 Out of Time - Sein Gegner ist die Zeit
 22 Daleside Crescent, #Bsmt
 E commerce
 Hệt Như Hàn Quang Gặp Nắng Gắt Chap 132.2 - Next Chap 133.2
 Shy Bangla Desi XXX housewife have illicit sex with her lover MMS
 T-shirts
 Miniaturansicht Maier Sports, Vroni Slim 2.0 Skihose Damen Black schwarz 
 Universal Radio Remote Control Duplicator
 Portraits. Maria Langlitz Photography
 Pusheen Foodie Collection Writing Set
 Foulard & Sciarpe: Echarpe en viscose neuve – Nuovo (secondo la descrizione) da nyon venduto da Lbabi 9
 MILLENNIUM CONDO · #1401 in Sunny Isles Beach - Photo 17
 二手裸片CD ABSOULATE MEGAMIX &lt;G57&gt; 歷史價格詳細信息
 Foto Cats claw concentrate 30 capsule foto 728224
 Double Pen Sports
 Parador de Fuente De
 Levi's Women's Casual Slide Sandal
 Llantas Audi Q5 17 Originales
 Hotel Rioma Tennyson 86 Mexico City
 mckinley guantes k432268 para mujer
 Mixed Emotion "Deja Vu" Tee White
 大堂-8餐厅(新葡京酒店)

▸ **Task to complete**: Look for the word "Sports" throughout the material above and copy every line that has it.

▸ **Solved exercise**:
 Miniaturansicht Maier Sports, Vroni Slim 2.0 Skihose Damen Black schwarz 
 Double Pen Sports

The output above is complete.